── Dataset section ──

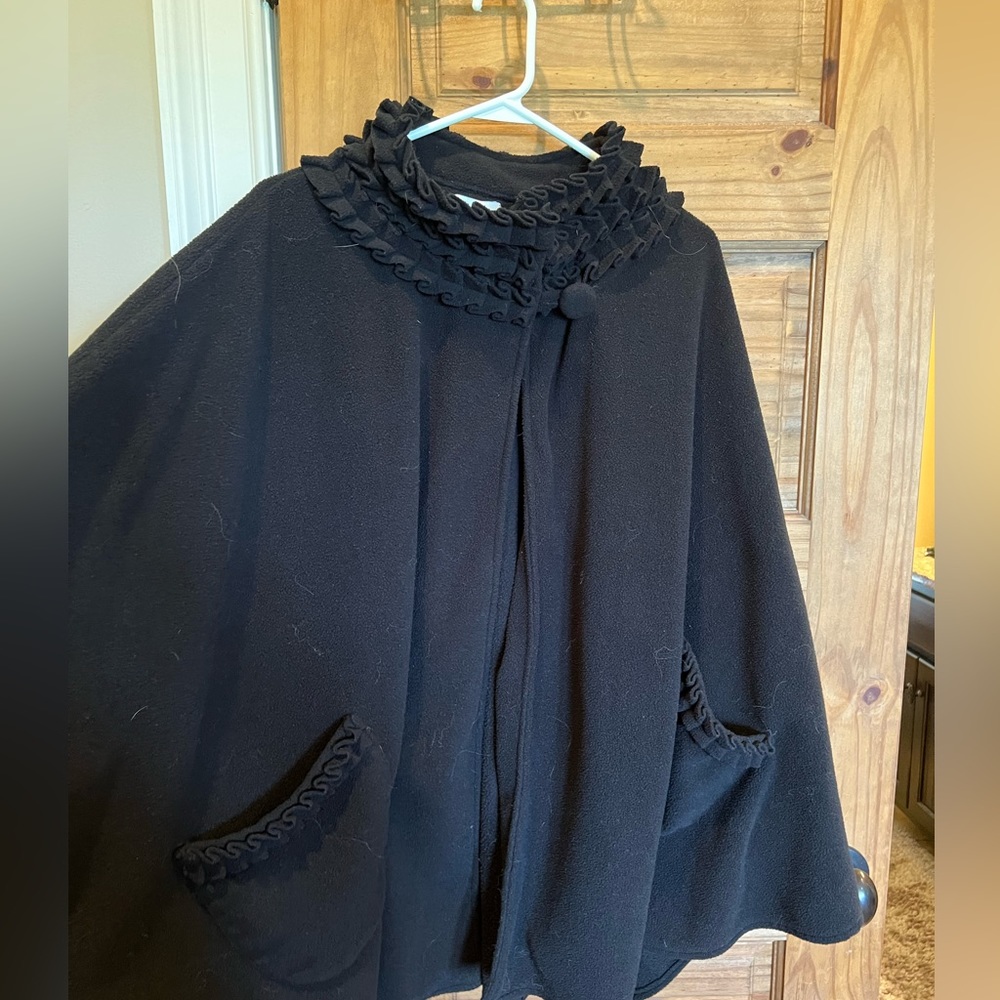 Pretty Black Wrap / can be casual or formal
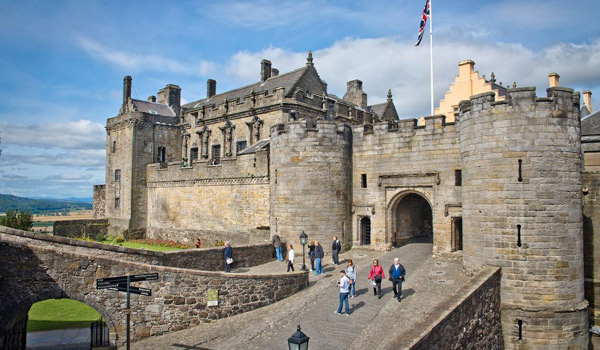 The Grand Entrance to Stunning, Renaissance-Style Stirling Castle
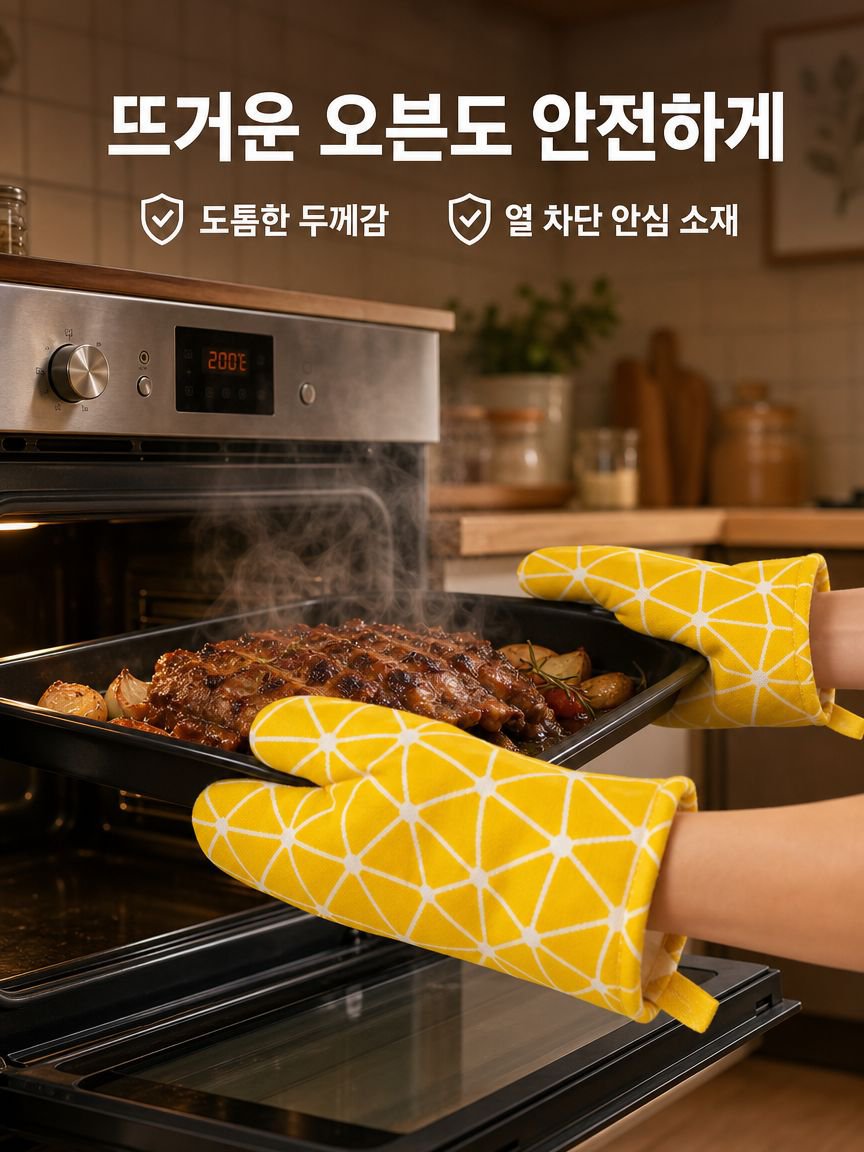 전자레인지용 오븐 장갑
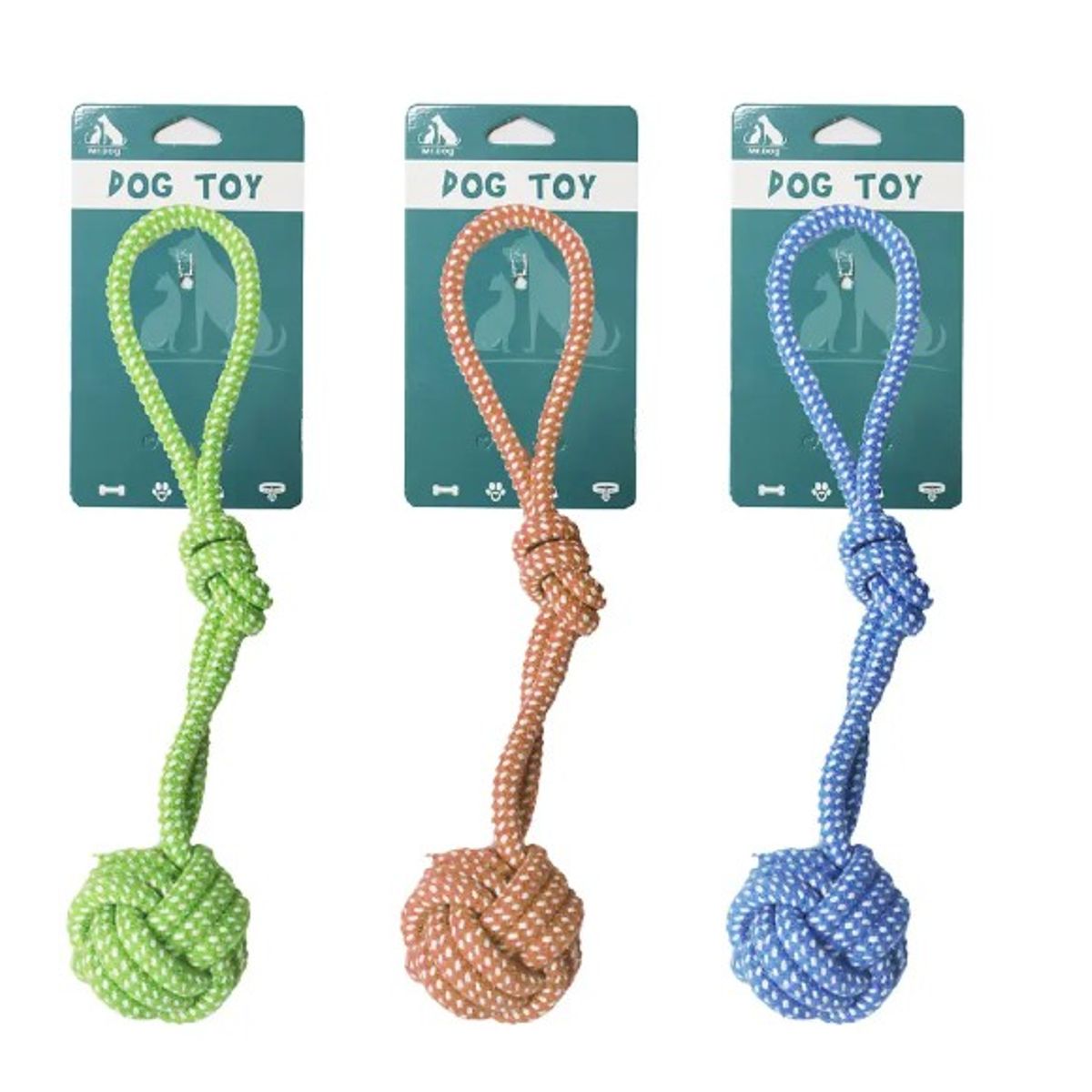 GENERICO - Pelota Con Cuerda Trenzada Color Aleatorio 33Cm 75G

───

Required action:
Every line above goes into your copy exactly; no images go in.

Problem solution:
 Pretty Black Wrap / can be casual or formal
 The Grand Entrance to Stunning, Renaissance-Style Stirling Castle
 전자레인지용 오븐 장갑
 GENERICO - Pelota Con Cuerda Trenzada Color Aleatorio 33Cm 75G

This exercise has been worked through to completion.